2023-11-29test_common: create_*: detect changes all parameters
Data::Dumper+B::Deparse seems fast enough to generate cache keys with, so this makes updating and developing tests easier (as opposed to forcing the developer to change the identifier). The main downside is we'll have to deal with cache expiration, but "make clean" seems overly aggressive already (it keeps blowing away the clones made by t/cindex-join.t :<)

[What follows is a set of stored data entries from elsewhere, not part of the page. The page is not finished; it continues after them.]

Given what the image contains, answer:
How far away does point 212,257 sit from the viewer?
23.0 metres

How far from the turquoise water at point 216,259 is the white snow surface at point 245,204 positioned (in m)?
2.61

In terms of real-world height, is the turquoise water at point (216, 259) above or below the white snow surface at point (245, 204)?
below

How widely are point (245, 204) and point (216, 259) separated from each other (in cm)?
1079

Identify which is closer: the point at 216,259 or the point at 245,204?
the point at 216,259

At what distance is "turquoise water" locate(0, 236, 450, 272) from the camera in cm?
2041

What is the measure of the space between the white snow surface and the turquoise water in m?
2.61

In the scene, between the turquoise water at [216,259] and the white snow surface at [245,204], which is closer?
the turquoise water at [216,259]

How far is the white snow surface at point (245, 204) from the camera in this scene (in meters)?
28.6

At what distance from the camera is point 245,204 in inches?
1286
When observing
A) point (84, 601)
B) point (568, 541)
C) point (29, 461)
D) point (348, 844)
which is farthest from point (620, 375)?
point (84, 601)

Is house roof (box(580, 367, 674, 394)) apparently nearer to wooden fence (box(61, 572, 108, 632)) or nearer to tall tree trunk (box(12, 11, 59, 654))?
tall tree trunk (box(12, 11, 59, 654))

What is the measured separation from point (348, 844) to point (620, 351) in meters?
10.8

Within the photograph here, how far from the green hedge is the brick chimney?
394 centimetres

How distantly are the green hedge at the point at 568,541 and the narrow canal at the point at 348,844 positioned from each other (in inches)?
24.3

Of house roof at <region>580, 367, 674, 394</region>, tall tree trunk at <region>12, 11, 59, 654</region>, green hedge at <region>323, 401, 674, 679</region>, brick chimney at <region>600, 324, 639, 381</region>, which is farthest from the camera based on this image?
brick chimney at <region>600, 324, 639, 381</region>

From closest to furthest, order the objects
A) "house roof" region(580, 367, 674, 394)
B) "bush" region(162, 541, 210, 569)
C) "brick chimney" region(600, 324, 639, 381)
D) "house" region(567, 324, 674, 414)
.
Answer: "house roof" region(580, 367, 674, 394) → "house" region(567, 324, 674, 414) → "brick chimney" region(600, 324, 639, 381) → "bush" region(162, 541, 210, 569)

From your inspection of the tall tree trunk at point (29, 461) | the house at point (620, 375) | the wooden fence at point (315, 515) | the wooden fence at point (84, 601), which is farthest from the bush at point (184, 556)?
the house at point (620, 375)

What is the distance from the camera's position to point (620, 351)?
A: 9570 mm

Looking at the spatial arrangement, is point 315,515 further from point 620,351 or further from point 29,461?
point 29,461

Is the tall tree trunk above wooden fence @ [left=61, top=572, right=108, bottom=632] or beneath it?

2023-11-28disallow NUL characters in Message-ID and List-Id
While MTAs seem to stop '\0' from appearing in headers, users fetching archives via git remain susceptible to having '\0' land in archives. So we'll filter them out of Xapian and SQLite DBs to avoid interopability problems with CLI tools since there's no known messages in lore or any of my archives which feature them. Avoiding '\0' will ensure all indexed Message-IDs and List-Ids can be specified from the command-line (although some characters will still require $(printf) contortions). As with Message-ID, List-Id fields with /\n\t\r/ characters will also be stripped for indexing. I will assume whatever went wrong with the References: header in <https://public-inbox.org/git/656C30A1EFC89F6B2082D9B6@localhost/raw> could also happen to the List-Id header. This is inspired by commit aca47e05a6026c12c768753c87e6ff769ef6bee4 (Import: Don't copy nulls from emails into git, 2018-07-07)
2023-11-27www: qs_html: fix escaping of `q' param
Our use of MID_ESC characters was only intended for the pathname component of URIs and not appropriate for the query string component. So use a different $unsafe parameter list for uri_escape to make the result appropriate for query strings by disallowing [\&\'\+=] characters. Most notably, this change also allows us to accept `/' (slash) unescaped to make dfn: queries nicer to look at. Finally, we'll also add a ascii_html call on the URI-escaped result as an extra safety measure even though it's not really needed. As far as I can tell, the code without this fix didn't result in in an HTML injection since all our uses of uri_escape did escape angle brackets. Reported-by: Ricardo Cañuelo <ricardo.canuelo@collabora.com> Link: https://public-inbox.org/meta/87o7ff4nlk.fsf@collabora.com/ Tested-by: Ricardo Cañuelo <ricardo.canuelo@collabora.com>
2023-11-27xap_helper.h: avoid some off_t vs size_t problems
We'll introduce a helper to cast off_t to size_t consistently for mmap/munmap/calloc calls which require size_t. Also, an extra check for multiplication overflow can be helpful just in case we end up with a gigantic file roots file.
2023-11-27xap_helper: avoid strerror(3) inside signal handler
It's not async-signal-safe and the glibc implementation uses malloc via asnprintf. Practically it's not a problem unless the kernel OOMs and the write(2) fails to the self-pipe.
2023-11-26drop redundant calls to DS->Reset
Reset gets called on END{} anyways to workaround DBI lifetime problems, so there's no need to call it near exit. We can't replace calls to POSIX::_exit with `exit' to force END{} to run just yet, as there are still some lingering destruction ordering problems on newer DBI and or Perls.
2023-11-26git: improve coupling with {sock} and {inflight} fields
While the {inflight} array should be tied to the IO object even more tightly, that's not an easy task with our current code. So take some small steps by introducing a gcf_inflight helper to validate the ownership of the process and to drain the inflight array via the awaitpid callback. This hopefully fix problems with t/lei-q-save.t (still) hanging occasionally on v2 outputs since git->cleanup/->DESTROY was getting called in v2 shard workers.